Upper area contains a mini-menu bar that can be hidden and functions like bblean's look.

Lower area contains a Yeah Write like interface with multiple tabs that act like ticklers that can be added at will.

Ex.

Entry 1: MS Word, Entry 2: MS Excel, Entry 3: MS OneNotes

so on and so forth. Basically a simplified panel docklet with an advanced button on the right side.

When advanced is clicked on, the bar rises revealling all the advanced equivalents of those tools.

Ex.

Entry 1: Notepad with autosave
Sub Entry 1: emacs or notepad++ or whatever advanced users might need

Add in a simplified launcher like Launchy for advanced searching, a Taboo Firefox extension interface for quick bookmarking of RSS Feeds within the Operating System and a virtual desktop with set jobs (i.e. a virtual desktop specified to open the browser and a notetaker when a user goes to that space which then automatically reverts to a normal virtual desktop space once that functionality has been set so as to avoid accidentally re-opening the browser)

Finally, a lighter native copy of ThinkingRock, an offline Diigo service and a Export mode level that when pressed outputs a compendium export file that can be transferred to the main application for other browsers, an incollector export file, a ThinkingRock export file and a YeahWrite file with all the highlights and annotations extracted to it in separate sections.

I guess for me, the perfect OS is one where it isn't the perfect OS but the perfect complimentary OS just as how Opera is the perfect complimentary browser for other browsers. I know, so far two of my posts are Opera related but really I'm not that die hard of a fanboy but when thinking about the perfect OS, there's just something I love about an app that can handle lots of stuff assigned to it but remains fast enough that you can just close and forget.

Most notable changes are the lack of links connecting to each other software wise and the fact that all of the software purpose have changed to suit a more productivity based goal and because that post was long ago. The details/specifics of the ideas you'd probably get from the posts I've made in GOE.

By lack of links, I pretty much mean chains connecting software to each other. Example such as I use post-its as parking lot tools for example yet at the same time, post-its are pretty much used for that purpose anyway and the only difference is that it's linked to the rest of what I use rather than a total separation. That is, recent lists go there but I also put urgent lists there. Yet I also put other urgent and recent lists elsewhere. Because the whole idea isn't really flesh out or that fleshing out would prolong the summary, you'll just have to analogize the idea to fit to specific models.
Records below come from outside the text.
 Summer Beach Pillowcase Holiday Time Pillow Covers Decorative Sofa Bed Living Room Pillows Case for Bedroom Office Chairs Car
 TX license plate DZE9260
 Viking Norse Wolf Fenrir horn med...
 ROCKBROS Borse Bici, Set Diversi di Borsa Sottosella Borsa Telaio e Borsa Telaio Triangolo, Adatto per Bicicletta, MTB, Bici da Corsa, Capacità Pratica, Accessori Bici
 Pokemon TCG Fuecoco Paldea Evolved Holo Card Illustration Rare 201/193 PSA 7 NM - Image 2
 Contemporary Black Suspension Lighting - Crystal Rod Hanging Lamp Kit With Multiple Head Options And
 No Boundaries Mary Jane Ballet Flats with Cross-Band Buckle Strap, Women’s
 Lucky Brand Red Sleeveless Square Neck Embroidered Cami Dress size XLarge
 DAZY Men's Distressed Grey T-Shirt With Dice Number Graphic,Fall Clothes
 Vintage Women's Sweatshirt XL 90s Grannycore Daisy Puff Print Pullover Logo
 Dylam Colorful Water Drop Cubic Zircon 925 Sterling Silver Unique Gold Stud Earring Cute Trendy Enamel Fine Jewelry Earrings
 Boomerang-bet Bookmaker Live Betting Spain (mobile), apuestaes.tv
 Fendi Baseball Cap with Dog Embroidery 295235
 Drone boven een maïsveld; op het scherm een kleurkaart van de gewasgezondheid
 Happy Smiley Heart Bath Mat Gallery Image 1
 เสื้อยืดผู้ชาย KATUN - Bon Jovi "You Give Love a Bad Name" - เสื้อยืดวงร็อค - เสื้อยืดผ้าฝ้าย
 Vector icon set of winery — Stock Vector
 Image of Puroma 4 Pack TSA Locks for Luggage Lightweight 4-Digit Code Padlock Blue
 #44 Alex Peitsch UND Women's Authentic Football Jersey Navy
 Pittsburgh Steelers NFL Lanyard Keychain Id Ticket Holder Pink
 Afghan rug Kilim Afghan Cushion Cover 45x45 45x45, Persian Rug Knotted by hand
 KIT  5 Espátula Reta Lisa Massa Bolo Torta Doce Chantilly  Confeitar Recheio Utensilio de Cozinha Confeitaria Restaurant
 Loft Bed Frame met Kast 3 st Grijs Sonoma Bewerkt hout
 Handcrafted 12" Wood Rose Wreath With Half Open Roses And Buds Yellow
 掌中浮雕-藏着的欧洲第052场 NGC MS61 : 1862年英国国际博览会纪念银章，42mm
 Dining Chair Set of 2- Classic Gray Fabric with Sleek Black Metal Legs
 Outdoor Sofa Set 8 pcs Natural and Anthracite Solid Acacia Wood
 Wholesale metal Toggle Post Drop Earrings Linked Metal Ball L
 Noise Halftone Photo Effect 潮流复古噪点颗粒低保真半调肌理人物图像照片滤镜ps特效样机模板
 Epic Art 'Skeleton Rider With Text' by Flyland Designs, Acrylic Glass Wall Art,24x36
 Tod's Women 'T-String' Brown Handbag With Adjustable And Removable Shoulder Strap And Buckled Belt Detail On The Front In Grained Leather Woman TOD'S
Software-wise, not much has changed:
1) Post-its
2) Random To-do lists (I actually did a list when I said I didn't in that post and what surprised me is that it was recent yet I forget about it -- while I was just checking the items off yesterday!) The whole deal I found for me was that random to-do lists ironically enough creates a better short to-do list system than the card-based one mouser uses. I actually was leaning to a more card-based one but instead I kept finding that I subconsciously just know what to put on those short lists and that the problem is solely in the backup scenario where I might lose the entries if I don't put it there)
3. Notepad/Akelpad - Find .txts to be much snappier than any software post-it program I use despite the need for a right click/create name. Mostly blank .txt with nothing on it. The title is the task entry.
4. Remember the Milk
5. Compendium
6. Incollector
7. The Form Letter Machine
8. PopUp Wisdom
9. WinXp Folders (I feel the folders thing just plain don't work without drag and drop organization)
10. Evernote
11. Dropbox
12. Scrapbook+ (thanks to mwang) Most of my stuff are still in Diigo though
13. Joe's Goals. Much more rarely now when Activity Tracker was made non-functional in Igoogle due to the changes which made it not work so I'm mostly off web apps.
14. Taboo Firefox Extension
15. Yeahwrite
16. OneNote
17. ReminderFox
18. SortbySize - though it's not updated for the latest version of Firefox and I haven't tested it under compatible mode.